Come hither, to the twenty second state
Hidden away in tranquillity
The land of the mystique
One of ethereal beauty.”
After much deliberation, my friends and I had eventually narrowed down our long impending trip’s destination to the twenty second state of the Indian union, Sikkim. Nestled away among the Himalayas, this tiny state shares its boundaries with Nepal, Tibet (China) and Bhutan. Needless to say, the three similar, yet distinct, cultures overlap pretty well in the state. The Kingdom of Sikkim, founded on the Silk Road had been continuing its protectorate status with India till 1975, despite China’s invasion of Tibet.
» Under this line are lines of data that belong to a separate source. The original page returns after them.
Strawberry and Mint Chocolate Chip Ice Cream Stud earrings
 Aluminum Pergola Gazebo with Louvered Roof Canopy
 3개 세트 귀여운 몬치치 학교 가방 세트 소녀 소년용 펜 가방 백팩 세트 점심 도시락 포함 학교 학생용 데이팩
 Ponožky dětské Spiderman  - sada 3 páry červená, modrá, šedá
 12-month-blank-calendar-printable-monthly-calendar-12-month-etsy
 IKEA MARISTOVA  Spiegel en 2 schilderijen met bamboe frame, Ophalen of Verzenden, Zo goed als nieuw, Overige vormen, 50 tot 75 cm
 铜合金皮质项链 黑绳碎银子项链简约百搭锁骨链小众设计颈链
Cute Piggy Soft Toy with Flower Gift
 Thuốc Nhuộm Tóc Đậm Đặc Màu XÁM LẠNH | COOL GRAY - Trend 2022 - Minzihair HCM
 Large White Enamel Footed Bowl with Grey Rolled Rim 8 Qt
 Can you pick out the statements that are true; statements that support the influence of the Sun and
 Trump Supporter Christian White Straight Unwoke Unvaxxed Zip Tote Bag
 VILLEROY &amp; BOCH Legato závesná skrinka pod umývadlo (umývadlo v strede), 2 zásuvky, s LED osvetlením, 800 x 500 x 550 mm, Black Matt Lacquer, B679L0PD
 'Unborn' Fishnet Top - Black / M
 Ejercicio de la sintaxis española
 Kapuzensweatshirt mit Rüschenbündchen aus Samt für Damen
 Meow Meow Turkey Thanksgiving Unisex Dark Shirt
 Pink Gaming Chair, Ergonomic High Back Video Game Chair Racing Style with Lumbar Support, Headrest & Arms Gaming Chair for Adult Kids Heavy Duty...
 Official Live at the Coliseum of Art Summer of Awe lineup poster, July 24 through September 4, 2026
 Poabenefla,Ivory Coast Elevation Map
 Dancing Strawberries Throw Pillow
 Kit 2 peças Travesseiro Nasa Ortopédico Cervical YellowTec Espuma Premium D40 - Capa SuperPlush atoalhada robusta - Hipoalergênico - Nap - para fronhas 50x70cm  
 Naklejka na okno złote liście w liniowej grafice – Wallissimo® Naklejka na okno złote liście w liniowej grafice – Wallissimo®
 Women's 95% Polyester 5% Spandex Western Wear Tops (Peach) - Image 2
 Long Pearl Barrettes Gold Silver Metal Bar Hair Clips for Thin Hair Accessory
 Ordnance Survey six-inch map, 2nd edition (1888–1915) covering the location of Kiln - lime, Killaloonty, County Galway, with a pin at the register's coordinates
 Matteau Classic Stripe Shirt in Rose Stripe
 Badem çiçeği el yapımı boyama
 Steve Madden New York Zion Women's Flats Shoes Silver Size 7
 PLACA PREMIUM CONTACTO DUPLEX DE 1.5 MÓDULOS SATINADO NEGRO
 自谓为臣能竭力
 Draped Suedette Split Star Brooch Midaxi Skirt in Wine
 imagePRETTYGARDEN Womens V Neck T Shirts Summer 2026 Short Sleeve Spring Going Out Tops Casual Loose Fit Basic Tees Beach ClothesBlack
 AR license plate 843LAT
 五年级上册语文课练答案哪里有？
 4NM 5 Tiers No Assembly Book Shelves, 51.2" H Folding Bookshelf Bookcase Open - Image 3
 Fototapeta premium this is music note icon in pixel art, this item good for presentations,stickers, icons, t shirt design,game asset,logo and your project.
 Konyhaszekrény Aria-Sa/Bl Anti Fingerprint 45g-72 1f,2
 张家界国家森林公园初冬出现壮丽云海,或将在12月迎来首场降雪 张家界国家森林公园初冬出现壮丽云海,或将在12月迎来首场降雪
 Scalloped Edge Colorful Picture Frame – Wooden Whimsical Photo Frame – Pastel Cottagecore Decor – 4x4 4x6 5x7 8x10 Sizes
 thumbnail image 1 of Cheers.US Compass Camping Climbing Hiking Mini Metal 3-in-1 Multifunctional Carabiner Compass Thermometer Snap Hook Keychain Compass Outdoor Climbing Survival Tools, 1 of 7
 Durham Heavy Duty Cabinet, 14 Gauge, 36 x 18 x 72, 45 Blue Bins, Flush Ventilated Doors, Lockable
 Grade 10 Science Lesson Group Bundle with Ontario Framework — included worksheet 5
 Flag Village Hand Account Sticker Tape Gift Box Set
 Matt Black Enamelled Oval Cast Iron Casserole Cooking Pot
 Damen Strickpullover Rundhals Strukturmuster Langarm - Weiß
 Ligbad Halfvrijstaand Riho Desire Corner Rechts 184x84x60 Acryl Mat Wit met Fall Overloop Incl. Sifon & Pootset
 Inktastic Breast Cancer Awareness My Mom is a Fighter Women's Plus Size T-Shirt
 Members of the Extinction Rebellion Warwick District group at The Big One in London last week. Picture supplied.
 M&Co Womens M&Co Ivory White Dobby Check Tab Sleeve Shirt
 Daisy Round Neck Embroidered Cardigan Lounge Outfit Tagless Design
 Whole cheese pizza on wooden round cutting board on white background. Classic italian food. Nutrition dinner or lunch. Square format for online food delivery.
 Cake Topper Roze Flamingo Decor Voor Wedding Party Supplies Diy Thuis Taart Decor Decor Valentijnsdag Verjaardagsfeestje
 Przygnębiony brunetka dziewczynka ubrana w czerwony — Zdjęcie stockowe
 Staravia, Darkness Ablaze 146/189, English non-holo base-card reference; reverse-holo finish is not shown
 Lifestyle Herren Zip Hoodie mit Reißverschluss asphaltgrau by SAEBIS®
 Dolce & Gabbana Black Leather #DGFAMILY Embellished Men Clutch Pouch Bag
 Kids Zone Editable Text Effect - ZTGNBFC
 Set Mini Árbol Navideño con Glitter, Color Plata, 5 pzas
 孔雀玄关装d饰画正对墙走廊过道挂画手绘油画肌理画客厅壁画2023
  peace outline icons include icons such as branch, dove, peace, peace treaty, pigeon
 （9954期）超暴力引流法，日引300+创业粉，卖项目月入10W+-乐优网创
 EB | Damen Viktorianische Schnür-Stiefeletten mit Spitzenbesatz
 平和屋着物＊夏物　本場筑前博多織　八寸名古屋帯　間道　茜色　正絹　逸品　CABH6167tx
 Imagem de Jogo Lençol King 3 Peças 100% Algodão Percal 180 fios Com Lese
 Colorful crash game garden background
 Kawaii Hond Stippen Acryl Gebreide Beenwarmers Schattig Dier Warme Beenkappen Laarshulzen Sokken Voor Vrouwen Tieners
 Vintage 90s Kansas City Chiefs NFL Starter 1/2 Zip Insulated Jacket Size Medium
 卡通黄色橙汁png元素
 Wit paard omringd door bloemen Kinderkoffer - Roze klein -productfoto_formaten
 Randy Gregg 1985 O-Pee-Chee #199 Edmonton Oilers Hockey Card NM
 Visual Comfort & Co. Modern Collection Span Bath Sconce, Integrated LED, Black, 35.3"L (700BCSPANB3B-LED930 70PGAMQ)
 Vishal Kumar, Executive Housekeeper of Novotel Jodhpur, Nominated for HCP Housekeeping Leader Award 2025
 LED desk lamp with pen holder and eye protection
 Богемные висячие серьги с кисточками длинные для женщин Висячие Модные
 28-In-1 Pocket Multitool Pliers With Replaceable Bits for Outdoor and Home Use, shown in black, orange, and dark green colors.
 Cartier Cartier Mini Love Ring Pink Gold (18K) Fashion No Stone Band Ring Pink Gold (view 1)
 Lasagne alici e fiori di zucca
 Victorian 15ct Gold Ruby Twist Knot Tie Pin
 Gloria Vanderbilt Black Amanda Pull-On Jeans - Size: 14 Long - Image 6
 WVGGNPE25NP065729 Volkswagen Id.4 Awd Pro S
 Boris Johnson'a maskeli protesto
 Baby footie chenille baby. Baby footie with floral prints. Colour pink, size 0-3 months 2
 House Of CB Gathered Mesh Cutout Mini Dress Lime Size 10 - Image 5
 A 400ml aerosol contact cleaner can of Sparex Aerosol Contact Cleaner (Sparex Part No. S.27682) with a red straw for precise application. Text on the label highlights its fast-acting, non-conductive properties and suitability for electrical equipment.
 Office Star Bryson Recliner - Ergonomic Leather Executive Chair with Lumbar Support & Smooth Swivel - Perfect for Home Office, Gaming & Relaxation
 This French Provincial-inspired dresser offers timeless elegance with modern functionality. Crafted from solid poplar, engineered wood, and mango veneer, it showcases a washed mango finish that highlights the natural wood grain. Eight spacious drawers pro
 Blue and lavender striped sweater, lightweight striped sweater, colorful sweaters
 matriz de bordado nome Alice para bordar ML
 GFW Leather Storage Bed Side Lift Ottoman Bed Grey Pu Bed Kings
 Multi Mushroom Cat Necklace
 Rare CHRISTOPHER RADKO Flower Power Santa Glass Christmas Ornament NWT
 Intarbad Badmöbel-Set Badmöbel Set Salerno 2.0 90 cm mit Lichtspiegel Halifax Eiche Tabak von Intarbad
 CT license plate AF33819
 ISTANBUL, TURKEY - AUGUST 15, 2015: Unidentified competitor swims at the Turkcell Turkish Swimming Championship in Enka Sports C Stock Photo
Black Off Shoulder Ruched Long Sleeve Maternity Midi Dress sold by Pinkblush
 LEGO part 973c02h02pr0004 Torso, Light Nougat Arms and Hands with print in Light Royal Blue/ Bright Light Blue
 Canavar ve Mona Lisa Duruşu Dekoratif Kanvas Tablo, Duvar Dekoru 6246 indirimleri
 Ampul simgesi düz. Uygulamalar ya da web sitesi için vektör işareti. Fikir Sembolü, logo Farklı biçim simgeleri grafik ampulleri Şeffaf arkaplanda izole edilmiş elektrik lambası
A multi-ethnic state now, it enjoys the highest literacy rate among all the Himalayan states.
It is often said that the journey, if not more, is as amazing as the destination, and what better way of commencing the trip than by embarking on a forty-hour long train ride in the blue, dingy coaches of the LTT-Guwahati Express. Indian train travel has often been romanticized by ardent travelers, and rightfully so, despite the lamentable hygiene standards and abysmal food served. As the train chugs across the breadth of the country, you witness its diversity in a short duration- much like watching the highlights of a Test match.
The nearest railway junction to Sikkim is New Jalpaiguri Junction, near Silguri, in West Bengal. Gangtok is a four hour long journey by road through Rangpo. On entering Sikkimese territory, you get a whiff of plenty of things, which are unique to the place. For instance, it is very easy to fall in love with the state- primarily because of the awfully beautiful and polite people. Coming from the city, it was hard to believe the warmth and politeness of the locals, to an extent that it makes you wonder whether you merit so much niceness. It’s also very easy to underestimate the travel time in the state. Traveling to a town as close as 5km away could well take more than thirty minutes as the highway (which hardly qualifies as one) curves along the mountains, crosses ledges and runs across the river while failing to accommodate two-way traffic, comprising of army trucks and private SUVs, on a one lane landslide ravished road.
One of the Himalayas’ best kept secrets, Sikkim is a welcome change from India’s regular travel destinations, and is waiting to be explored.
Our SUV conquered yet another hairpin as we saw boys and girls in green sweaters, reminiscent of Ranbir Kapoor in Barfi, scurrying away to the government school. It was pretty evident from the beautiful street architecture – the aesthetically installed green railings along the pavement, overlooking the valley, and the street lights which blended well with the towering trees- that we had reached the capital. It was quite impressive to see how proactive the traffic cops (both men and women) were in regulating the uniformly coloured taxis in the hilly town. The best part about getting accommodation in Sikkim is the option of staying in the many ambient homestays, away from the characterless and boring hotels. We planned well to stay only in homestays, run by the sweetest of people.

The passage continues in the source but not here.